British settlement in the area eventually began in 1820. In the 1850s, Henry Gilbert Smith expressed a desire of turning Manly into a seaside resort. He acquired two large parcels of land in 1853 and built two wharfs two years later. Because of this, Smith is hailed as the founder and developer of Manly.
By the 19th century, Manly Beach had become a popular seaside resort. Daylight swimming and surfing were first allowed in the area in 1902 making it one of the first resorts in the country to do so. In 1903, the Manly Council started allowing all-day bathing under the condition that neck-to-knee swimming costumes would be worn by the swimmers.
However, during the first official bathing season, seven people drowned in the beach. This prompted the creation of a life-saving club to prevent the same incident. In 1911, the Manly Life-Saving Club was established and it was one of the oldest life-saving clubs in the world.
There are also two other lifeguard teams patrolling the beach – the Northern Beaches Council lifeguards and the Volunteer Life Savers. The former operates all-year round at South Steyne and at Queenscliff and North Steyne from October to April. The latter, on the other hand, patrols the beach every weekend on public holidays from October to May.
Things to Do at Manly Beach
Getting to Manly Beach is pretty easy. From Sydney’s Circular Quay, take a 30-minute ferry ride to the Wharf. Then from the Wharf, take a short stroll along the Manly Corso. This lively shopping strip leads straight to the Beach.
When you get there, Manly Beach offers a wide assortment of things to do. With different amenities and spots to visit you can do anything from food-tripping, swimming, sunbathing, surfing and many more.
When you get to Manly Beach, the first thing you are most likely to do is find a place to eat. And you won’t be disappointed. With a bunch of restaurants and bars hanging around, you can treat yourself to not only delicious food but also great panoramic harbour views. Places like Manly Pavilion Bistro and The Four Pines Brewing Company are excellent venues to eat, drink and merry with family and friends.

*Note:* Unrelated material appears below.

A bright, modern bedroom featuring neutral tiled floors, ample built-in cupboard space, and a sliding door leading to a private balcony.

Manly Beach is a popular and significant surfing location. One of its best spots to go surfing in is Queenscliff, located at the northern end of the beach. Even beginners won’t have to feel out of place because there is Manly Surf School to teach them. This surfing school has been offering surfing lessons since 1983, and they accommodate all kinds of learners; kids, adults and even experienced surfers.
What is the beach if you can’t swim in it? Manly Beach does not fall short of great sports where you can swim all your worries away. At the southern end of Manly Beach, you can find a famous ocean pool called the Fairy Bower Sea Pool.

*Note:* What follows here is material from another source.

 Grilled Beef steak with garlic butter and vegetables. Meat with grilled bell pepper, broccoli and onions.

Ideal for swimmers who do not appreciate strong currents, the Fairy Bower pool is a rectangular rock pool built in 1929. The pair of impressive sculptures of dancers twirling above the water, called “The Oceanides” and created by artist Helen Leete, make it stand out from other ocean pools in Sydney beaches.
If you are up for a deeper adventure, you can also go for guided snorkelling with EcoTreasures. Also, there is Dive Centre Manly that offers scuba diving lessons for beginners. They also offer guided dives for certified and professional divers.

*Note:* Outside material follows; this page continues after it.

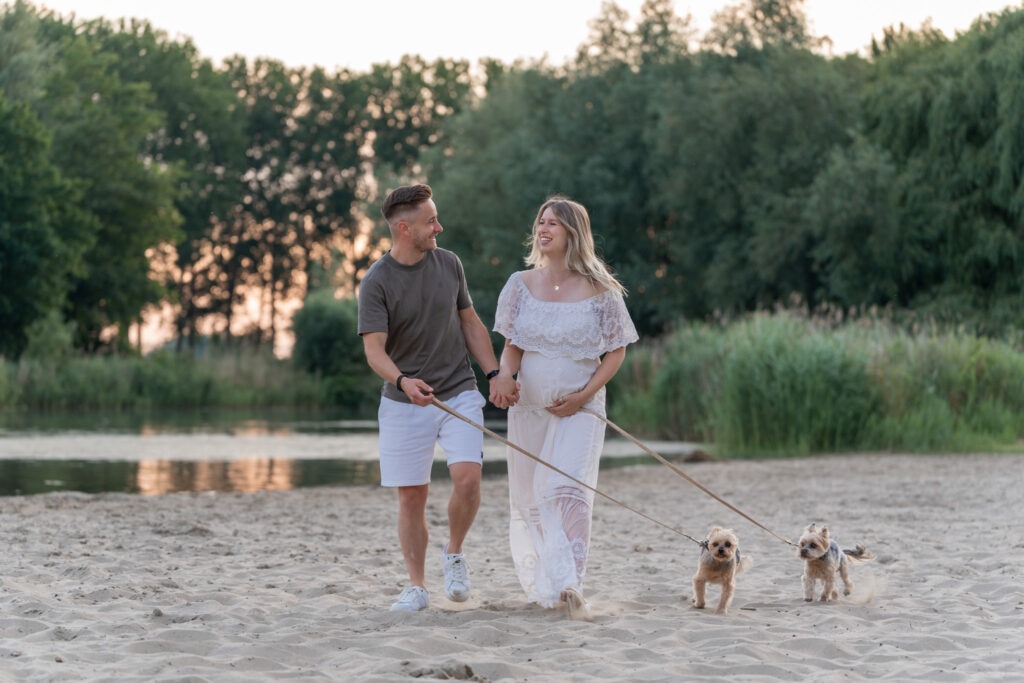 Detail van handen op buik en zachte jurk in gouden licht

Manly Beach’s golden sand is also ideal for lazing out in the sun. Choosing a nice spot to bathe in the sun, even during peak seasons, wouldn’t be a problem as the beach stretches out up to 1.5 kilometres long.
Aside from these four major things, there are a lot of other activities you can do at Manly Beach. There are also superb amenities such as playgrounds, picnic areas, spaces for electric barbeque and kiosks if you are looking for non-extreme activities to do with family and friends.